• _ASSIGNMENT_
Every line in the records below between the one holding "5072 MISTY CANAL PLACE, Bradenton, FL 34203" and the one holding "HMS Shoreham M112", inclusive, is to be set down exactly; all other lines are to be left out.

• _LISTED ENTRIES_
····················

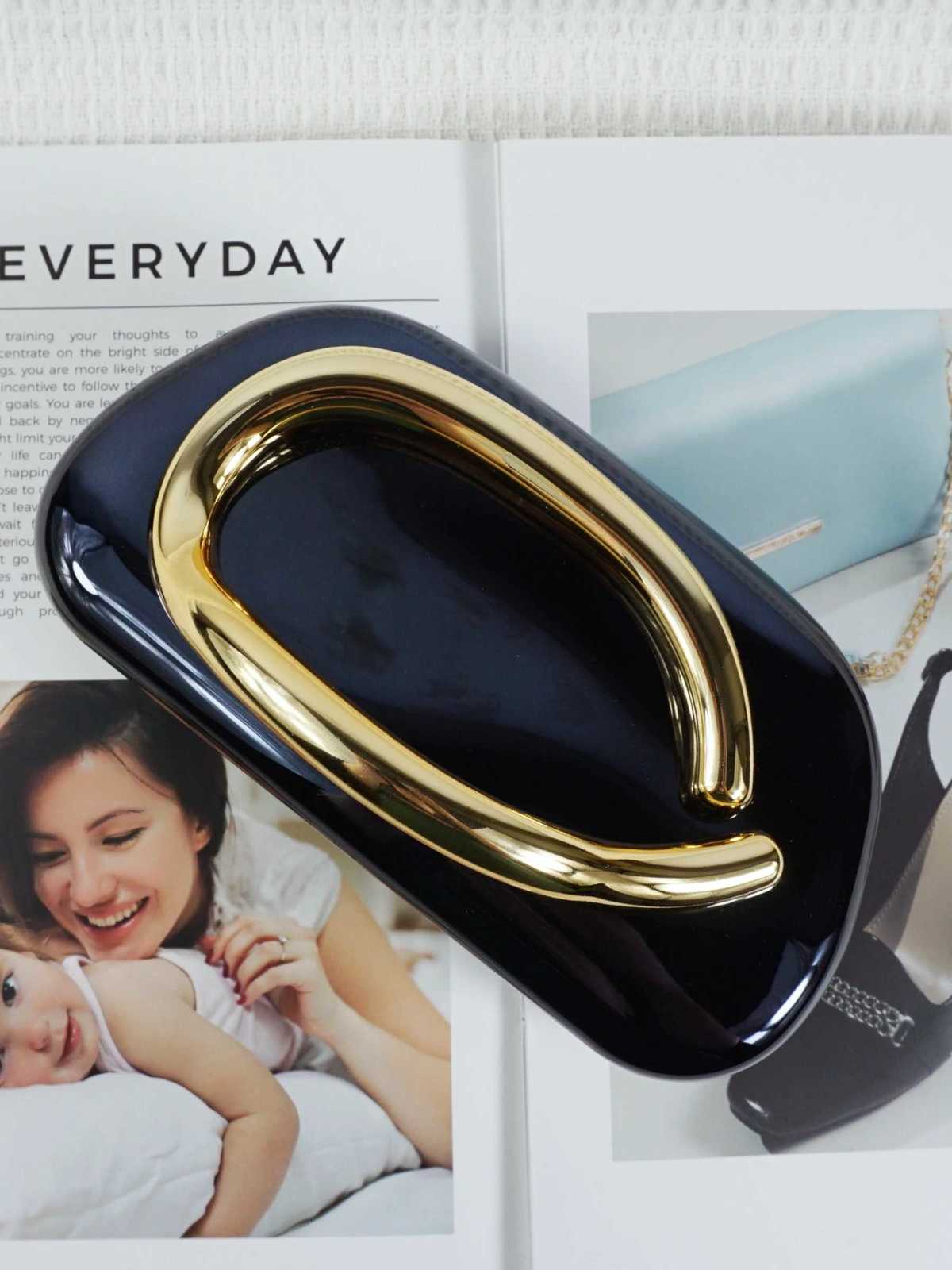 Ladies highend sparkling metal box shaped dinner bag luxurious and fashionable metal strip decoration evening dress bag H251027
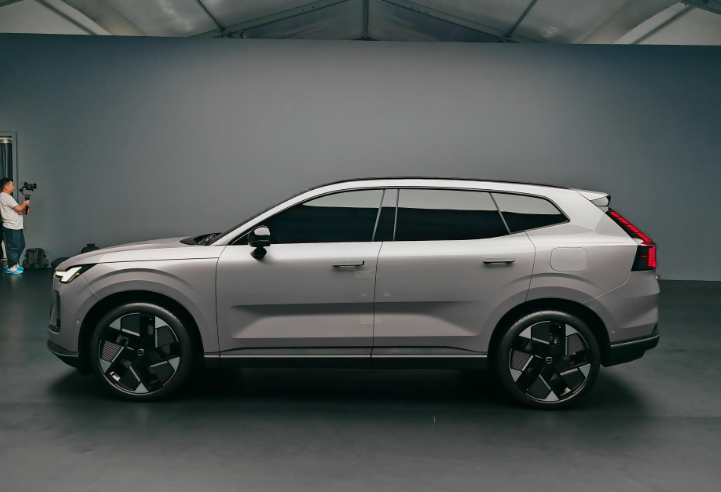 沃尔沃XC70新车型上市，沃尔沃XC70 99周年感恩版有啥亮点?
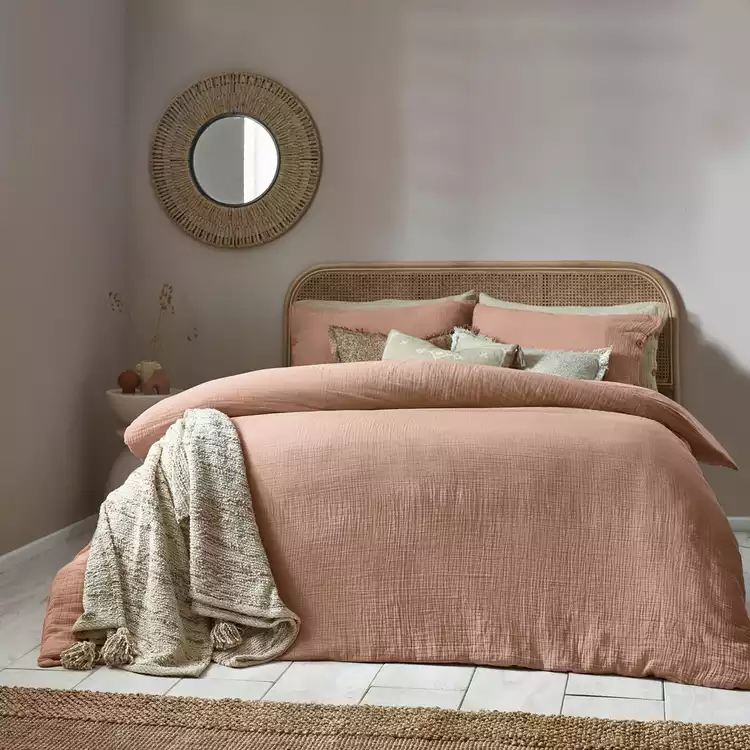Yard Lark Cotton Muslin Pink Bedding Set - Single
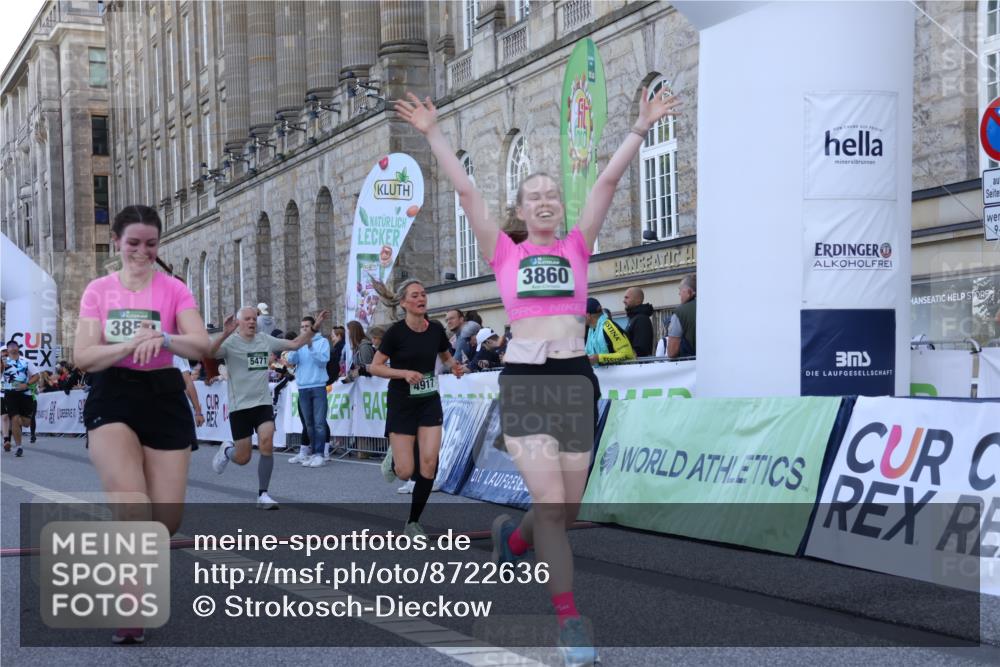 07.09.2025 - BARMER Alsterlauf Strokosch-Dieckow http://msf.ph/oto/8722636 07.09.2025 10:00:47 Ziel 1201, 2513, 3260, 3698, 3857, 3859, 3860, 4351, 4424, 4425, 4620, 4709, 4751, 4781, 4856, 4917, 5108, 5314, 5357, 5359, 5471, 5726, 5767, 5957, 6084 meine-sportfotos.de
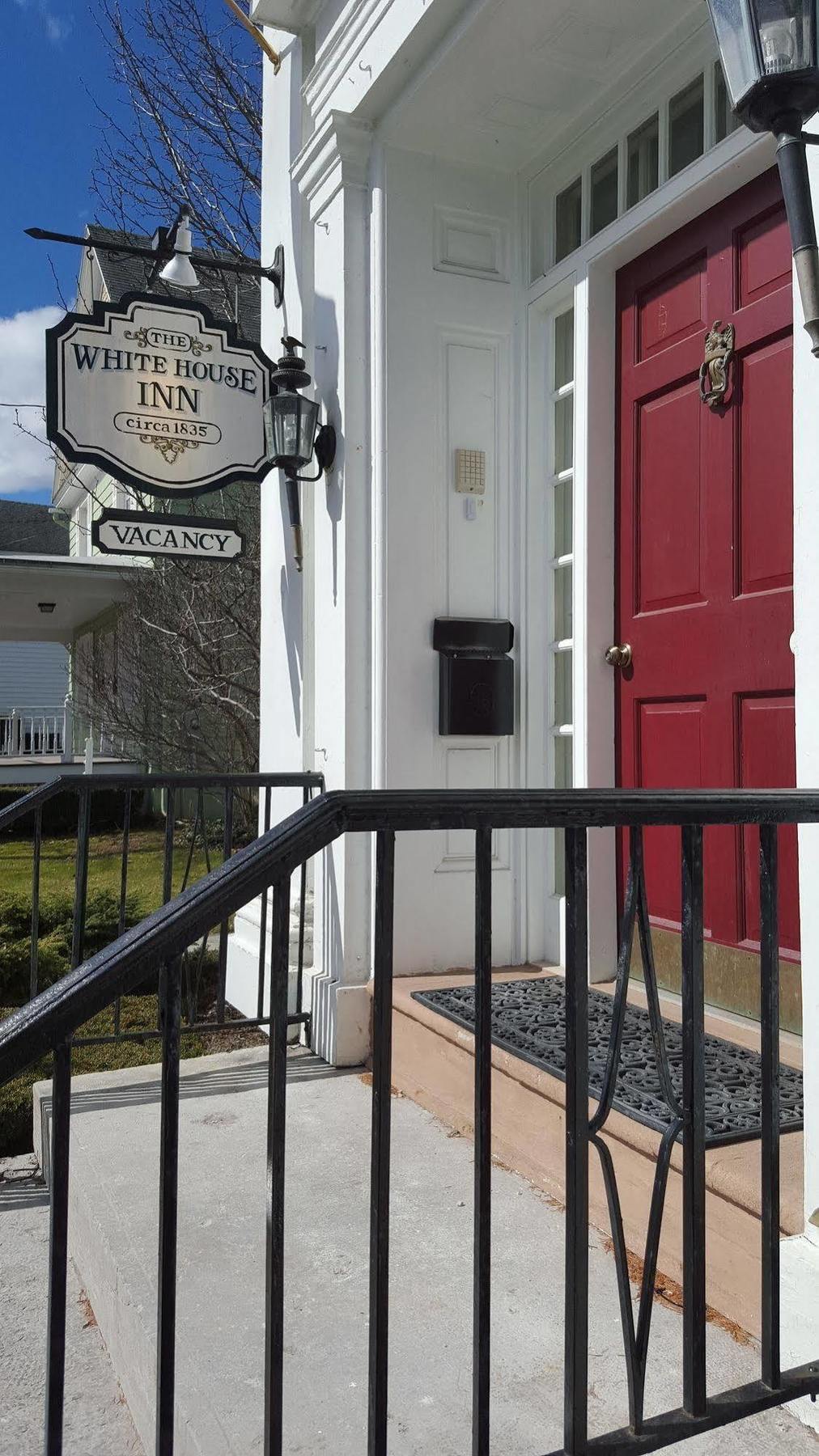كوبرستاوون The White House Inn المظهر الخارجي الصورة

····················

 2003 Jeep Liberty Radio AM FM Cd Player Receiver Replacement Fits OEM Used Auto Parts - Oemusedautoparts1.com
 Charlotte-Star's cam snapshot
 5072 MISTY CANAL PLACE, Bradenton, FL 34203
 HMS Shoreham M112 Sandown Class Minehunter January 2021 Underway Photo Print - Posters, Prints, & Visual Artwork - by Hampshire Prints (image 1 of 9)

····················

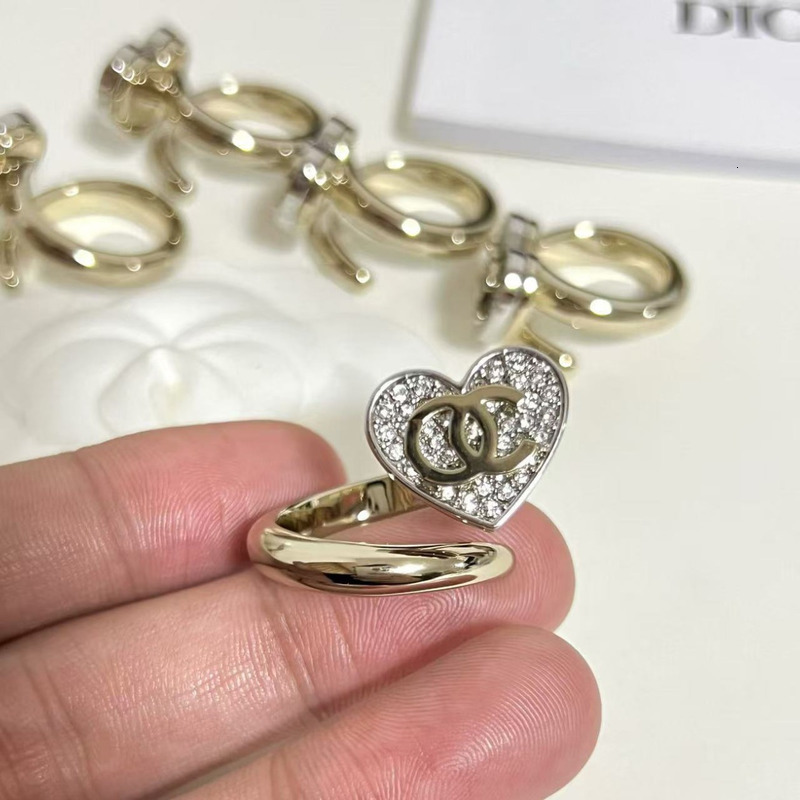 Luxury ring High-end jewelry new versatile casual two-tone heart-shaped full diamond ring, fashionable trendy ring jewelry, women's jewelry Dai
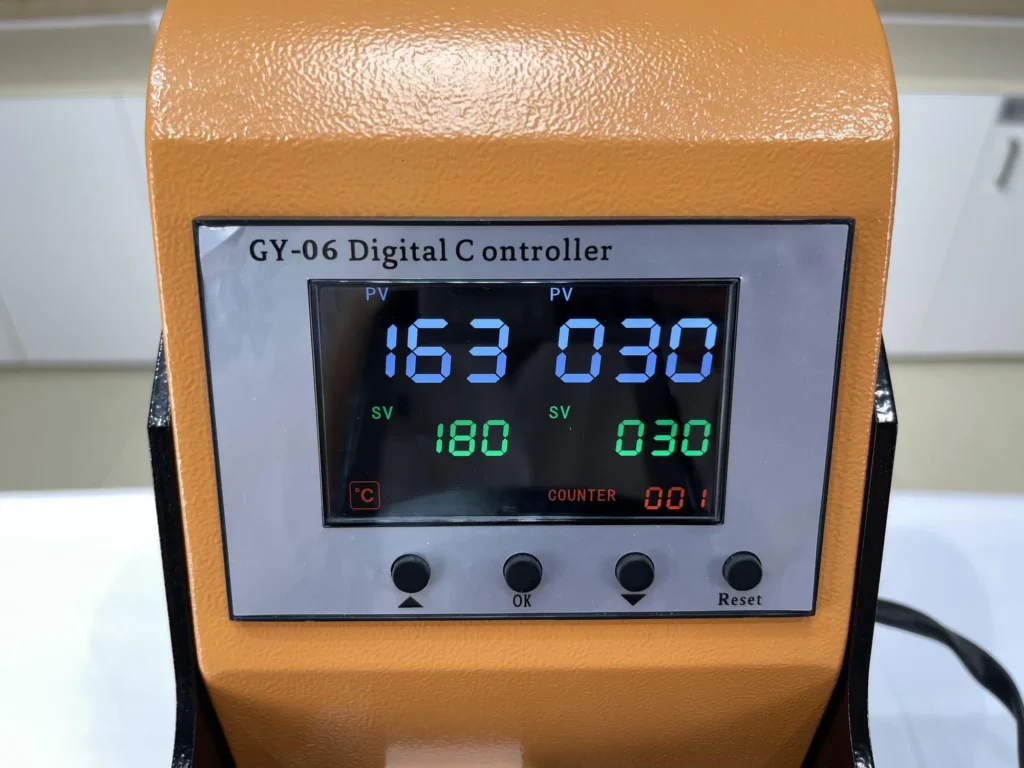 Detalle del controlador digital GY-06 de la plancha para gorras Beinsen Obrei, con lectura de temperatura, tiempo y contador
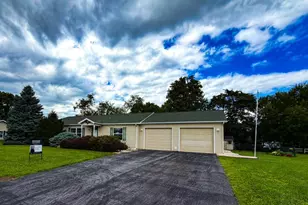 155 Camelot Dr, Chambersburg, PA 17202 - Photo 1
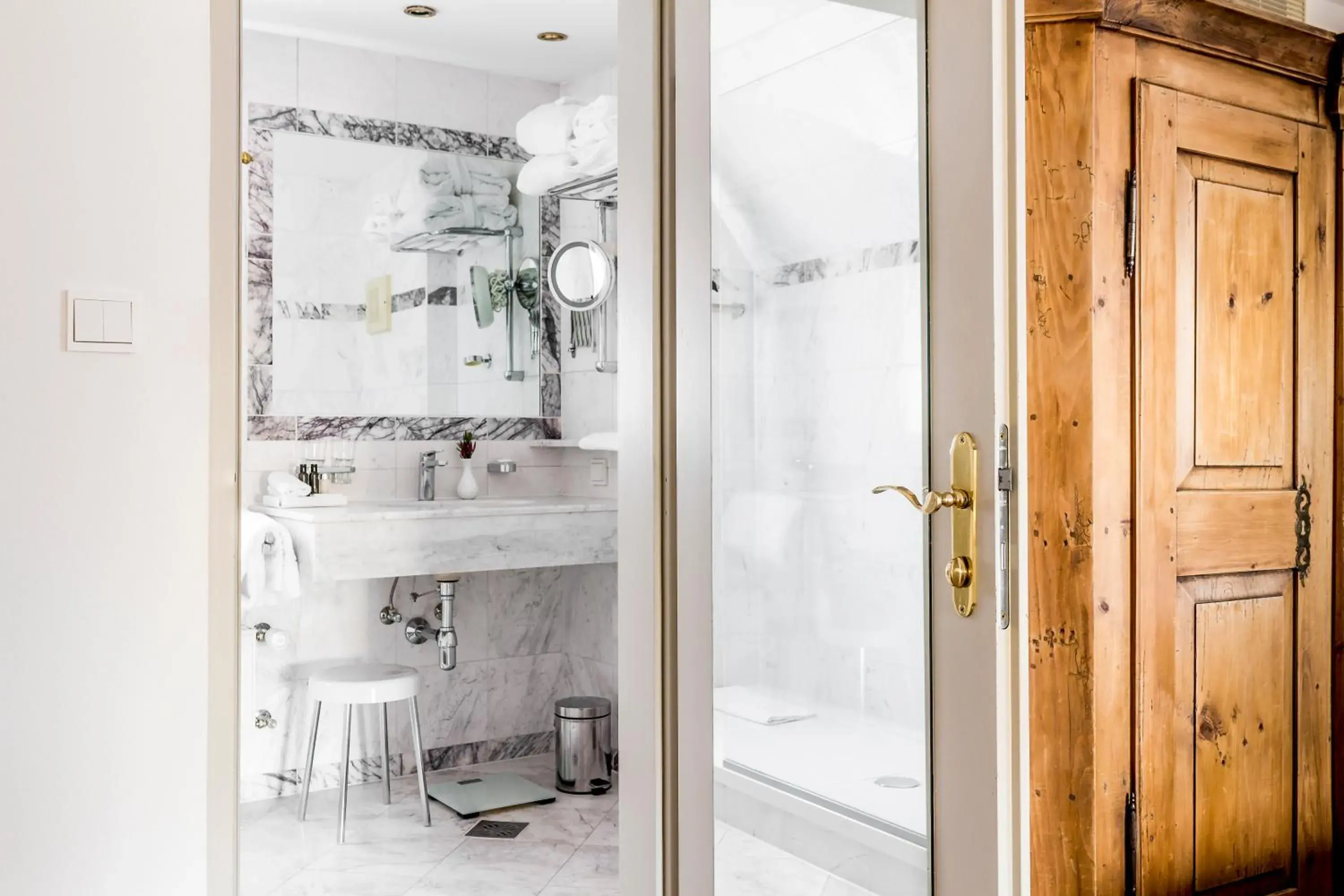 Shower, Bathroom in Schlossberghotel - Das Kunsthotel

····················

• _WRITTEN REPLY_
 5072 MISTY CANAL PLACE, Bradenton, FL 34203
 HMS Shoreham M112 Sandown Class Minehunter January 2021 Underway Photo Print - Posters, Prints, & Visual Artwork - by Hampshire Prints (image 1 of 9)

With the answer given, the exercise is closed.